__Work item__. Transcribe all of the data verbatim, please, and leave out its pictures.

__Provided records__.
· · · · · · ·

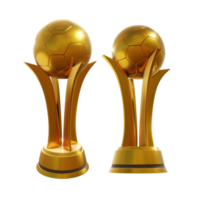 3d Rendern von Gold Trophäe Fußball Sport Meisterschaft Spiel Perspektive Aussicht png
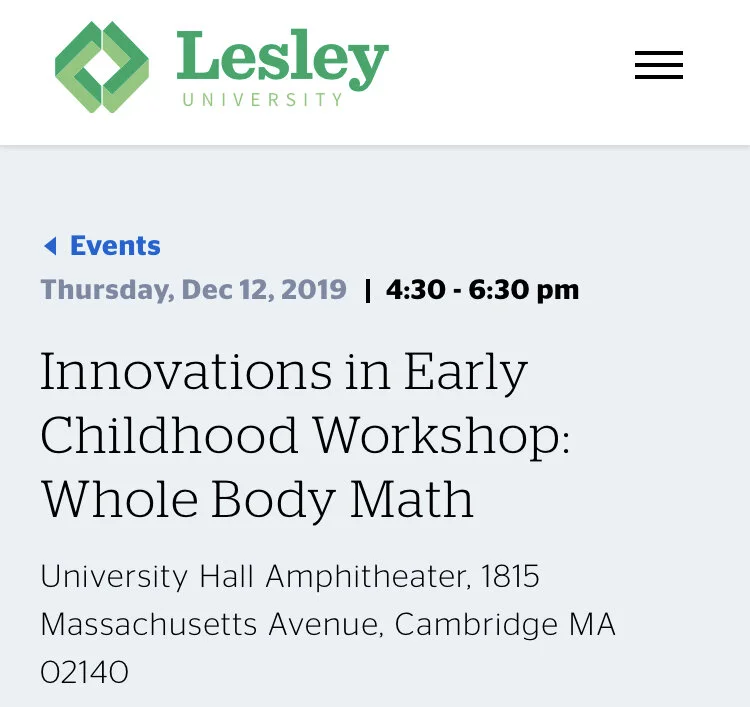 Lesley University offers “Innovations in Early Childhood Workshop: Whole Body Math”
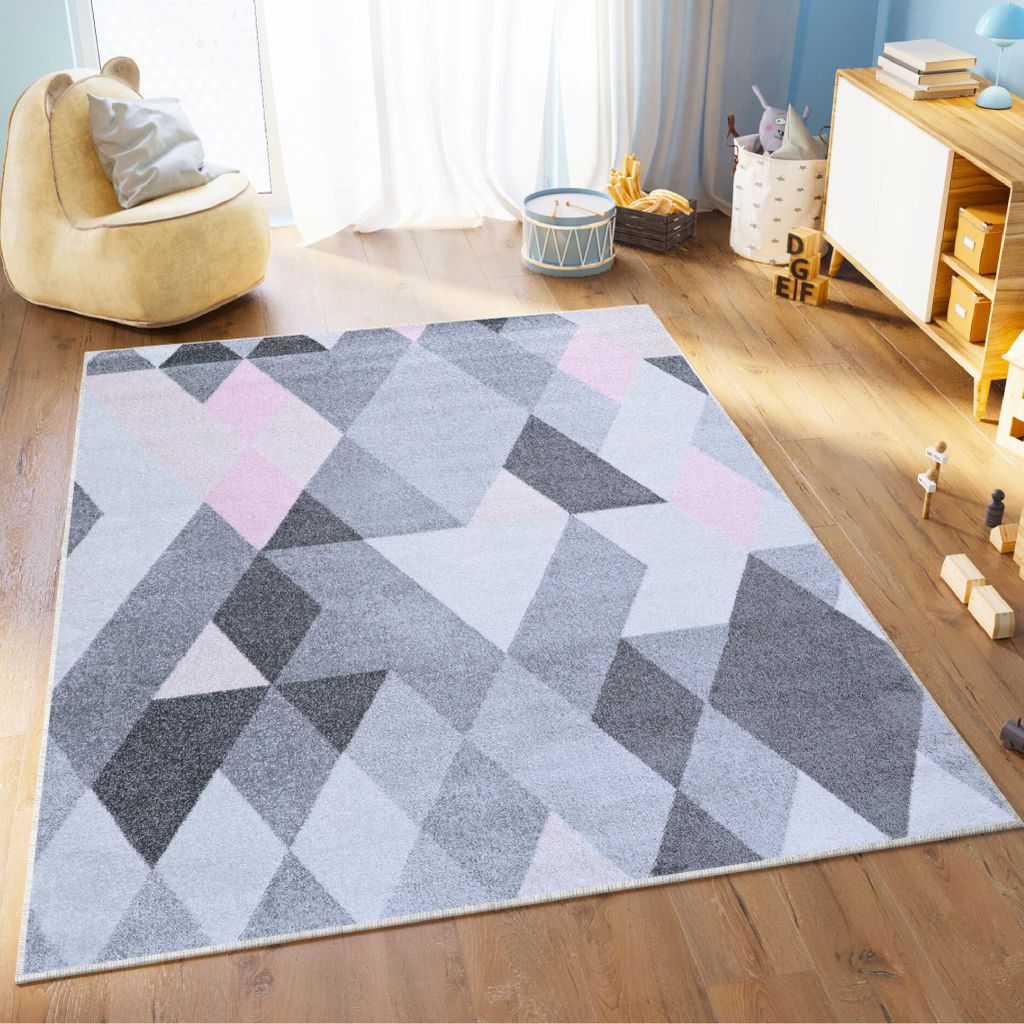Tapiso Teppich LAZUR Modern Grau Creme Rosa Jugendzimmer 200 x 290 cm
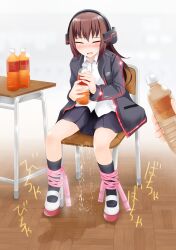 Rule 34 | 1girl, ^ ^, bdsm, black jacket, black socks, blue skirt, blurry, blurry background, blush, bondage, bottle, bound, bound legs, brown hair, chair, closed eyes, collared shirt, crying, desk, disembodied limb, drink, embarrassed, female focus, flat chest, full body, gokiburi no dashi, hands up, headphones, highres, holding, holding bottle, holding drink, indoors, jacket, japanese text, jump rope, kneehighs, long hair, long sleeves, miniskirt, nose blush, on chair, open clothes, open jacket, open mouth, original, pee, peeing, peeing self, pleated skirt, pocket, pov, puddle, raised eyebrows, red footwear, red trim, school chair, school desk, school uniform, shirt, shoes, sidelocks, sitting, skirt, socks, solo focus, steam, sweat, tea, tears, translation request, wet, wet clothes, wet skirt, white shirt, wooden floor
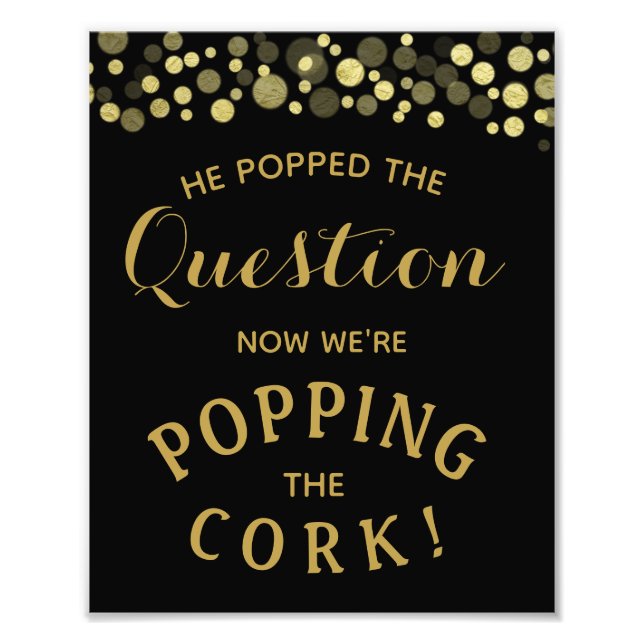 Foto Signo de Invitación de ENGAGEMENT GOLD & Black (Frente)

· · · · · · ·

__Task output__.
 3d Rendern von Gold Trophäe Fußball Sport Meisterschaft Spiel Perspektive Aussicht png
 Lesley University offers “Innovations in Early Childhood Workshop: Whole Body Math”
Tapiso Teppich LAZUR Modern Grau Creme Rosa Jugendzimmer 200 x 290 cm
 Rule 34 | 1girl, ^ ^, bdsm, black jacket, black socks, blue skirt, blurry, blurry background, blush, bondage, bottle, bound, bound legs, brown hair, chair, closed eyes, collared shirt, crying, desk, disembodied limb, drink, embarrassed, female focus, flat chest, full body, gokiburi no dashi, hands up, headphones, highres, holding, holding bottle, holding drink, indoors, jacket, japanese text, jump rope, kneehighs, long hair, long sleeves, miniskirt, nose blush, on chair, open clothes, open jacket, open mouth, original, pee, peeing, peeing self, pleated skirt, pocket, pov, puddle, raised eyebrows, red footwear, red trim, school chair, school desk, school uniform, shirt, shoes, sidelocks, sitting, skirt, socks, solo focus, steam, sweat, tea, tears, translation request, wet, wet clothes, wet skirt, white shirt, wooden floor
 Foto Signo de Invitación de ENGAGEMENT GOLD & Black (Frente)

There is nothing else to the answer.